No sex toys were harmed in the making of this double-bill show
By Cory Schachtel | January 8, 2025
(Reader advisory: Sexual content)
It all started with a local hockey rink, and an awkward conversation.
In 2022, Kate Stashko performed her contemporary dance show, basin, at an iceless Tipton arena, near Whyte Avenue. A couple of months later, fellow dancer Molly McDermott asked Stashko if she’d consider doing the show again in a more conventional space, like a theatre.
“I didn’t even miss a beat — I was just like, ‘No, I don’t think so,'” Stashko says. “And then I realized that Molly was angling at maybe collaborating together. So then I was just red in the face and back pedalled furiously. And I was like, ‘Well, maybe! It depends where it is.'”
The now double-bill show is basin/Urge, and the pair will perform it at Mile Zero Dance on January 17 and 18. “It’s not a traditional theatre, and we have it stripped down so it doesn’t feel as formal. It’s exciting to see my solo in a new way, in a new space. And I think that [the two solos] complement each other and contrast in ways that will make for a nice evening of dance,” McDermott says.
The two solos are actually duets — but not with other people. Stashko uses an actual basin in her performance, the inspiration for which came from her time in Montreal, where she learned that the French word for basin and pelvis are the same (bassin).

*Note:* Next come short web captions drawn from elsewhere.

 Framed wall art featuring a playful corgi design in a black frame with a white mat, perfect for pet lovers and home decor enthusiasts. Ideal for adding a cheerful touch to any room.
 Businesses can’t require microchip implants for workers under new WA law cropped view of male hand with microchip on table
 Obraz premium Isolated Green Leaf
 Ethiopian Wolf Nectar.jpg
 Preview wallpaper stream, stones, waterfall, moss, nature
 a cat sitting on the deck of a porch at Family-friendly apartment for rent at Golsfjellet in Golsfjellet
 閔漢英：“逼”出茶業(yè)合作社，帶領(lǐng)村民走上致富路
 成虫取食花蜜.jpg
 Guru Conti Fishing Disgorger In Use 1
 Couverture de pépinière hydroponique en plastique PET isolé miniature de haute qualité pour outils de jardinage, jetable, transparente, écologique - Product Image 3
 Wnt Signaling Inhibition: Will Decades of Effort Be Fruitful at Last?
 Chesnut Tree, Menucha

“I just loved that image, to think about the pelvis as this bowl or this container that’s supporting all of your insides, and your reproductive organs are there,” she says, adding that further inspiration came from her time as a dance student. “I was getting the same critical feedback over and over again: You don’t know how to use your core. You don’t know where your centre is. It really stuck with me, because it’s not the same as saying you don’t know how to point your feet — it felt very personal, like you don’t know who you are. So at the same time as the basin wordplay was playing around in my head, I was also thinking about moving from my centre. So I thought, you know what, I’m gonna make a dance from my pelvis.”
For music, Stashko cold called sound artist Raylene Campbell, who conveniently had been working on music that wasn’t exactly pelvis based, but certainly pelvis adjacent.

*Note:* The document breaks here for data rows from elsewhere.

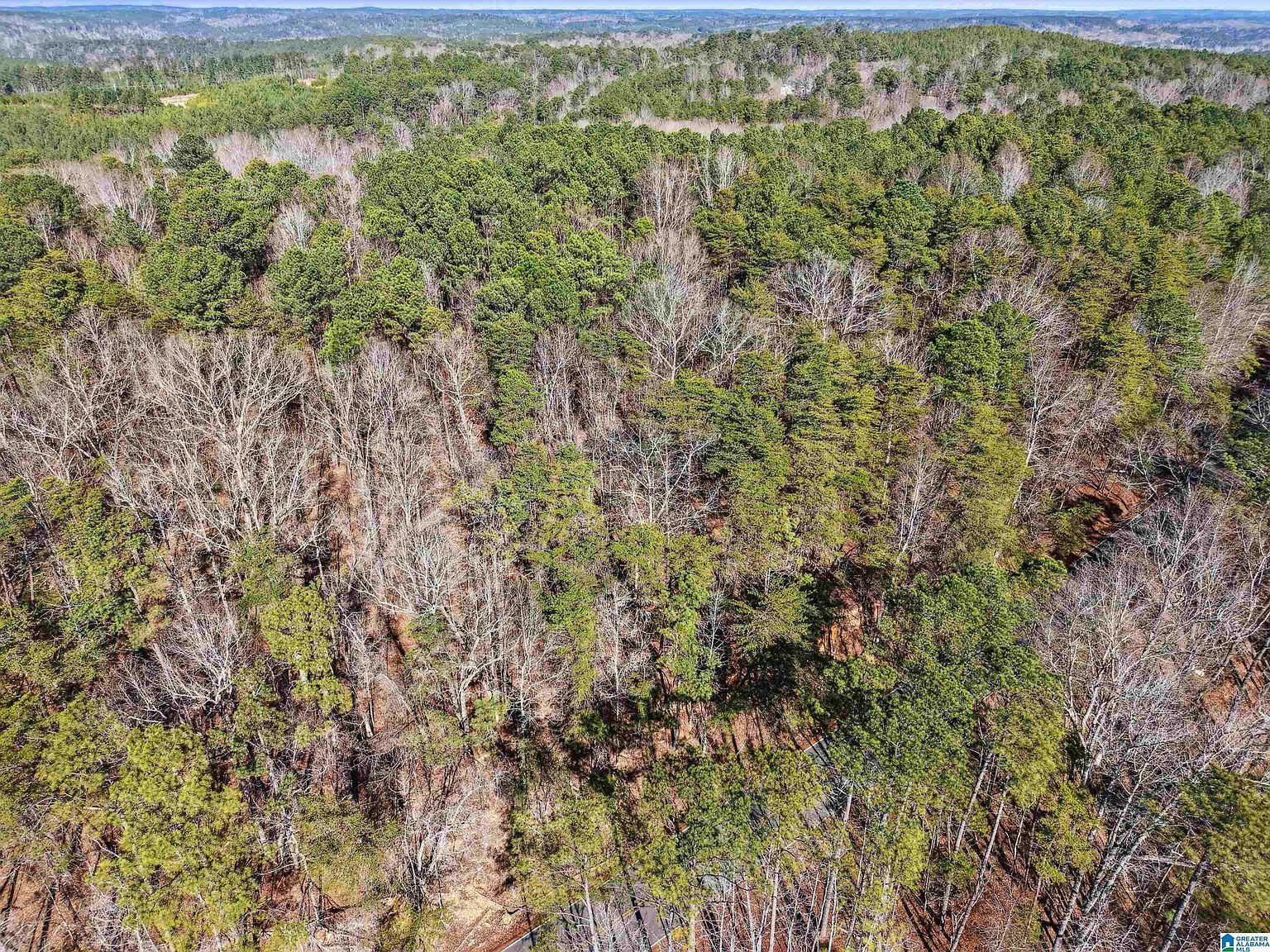 15045 Lock 17 Rd #1 Adger, AL 35006 - Thumbnail 4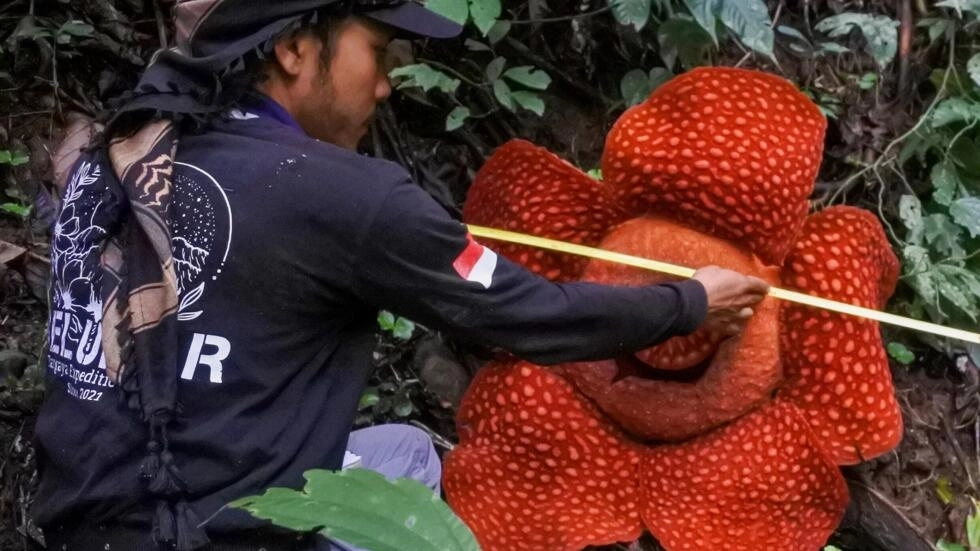 La mayoría de las especies de la «flor más grande del mundo» está en peligro de extinción (estudio)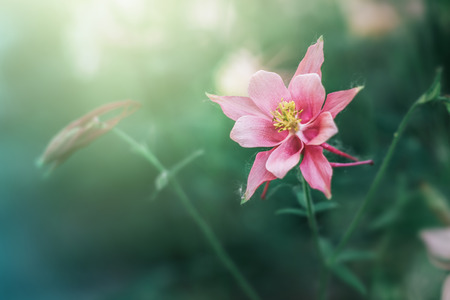 Floral nature background with pink flowers. Nature beautyの写真素材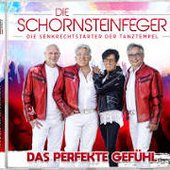 Die Schornsteinfeger.jpg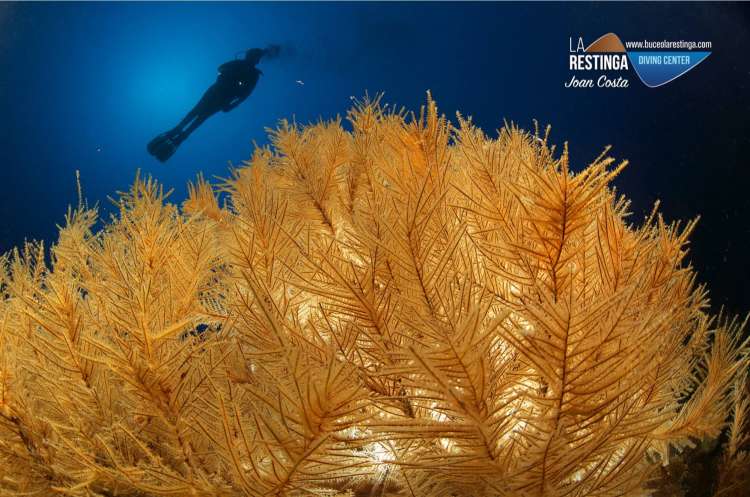  Coral negro con buceador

“I was just coming out of period of sexual exploration, and had some samples of sex toys that I collected, and was really eager for a project to use them in. As soon as [Stashko] proposed the idea, I was like, this is perfect!” Campbell says. “I have a couple of vibrators, a Hitachi, and I had a partner for a while who had a fuck machine and a Sybian — the sounds that they make are industrial sounding, really intense, like a plane is taking off. And we have a very good sounds system so the audience will feel it in their whole body.”
The idea for Urge, which McDermott had also performed in 2022, came from a jacket passed down to her from her great Baba, “but it fell apart. So now I’m using my dad’s jacket, but I think of it as my Baba’s jacket. Early in the process, it felt a little bit like a duet with her memory, and that’s still there. But the piece has changed and grown so I don’t think she’s the driving force behind the solo anymore, but the jacket is pretty key.”
For music, McDermott samples Ukrainian folk band DakhaBrakha, and tapped multi-talented music man Will Scott, from Edmonton, who mixed them with original sounds he made without the use of sex toys (as far as we know).
It all results in an intense, two-act show with a structure that leaves room for improvisation and, ideally, leaves an impression on the audience.
“I hope people have a visceral reaction” McDermott says. “I hope people feel something — and not necessarily something they can name. Maybe they can, maybe they can’t, but I think that’s what’s most exciting to me about live performance in general. It’s not really important to me if everyone comes away with the same feeling or the same images or the same thoughts. It would actually be more exciting to me if people feel a variety of things.”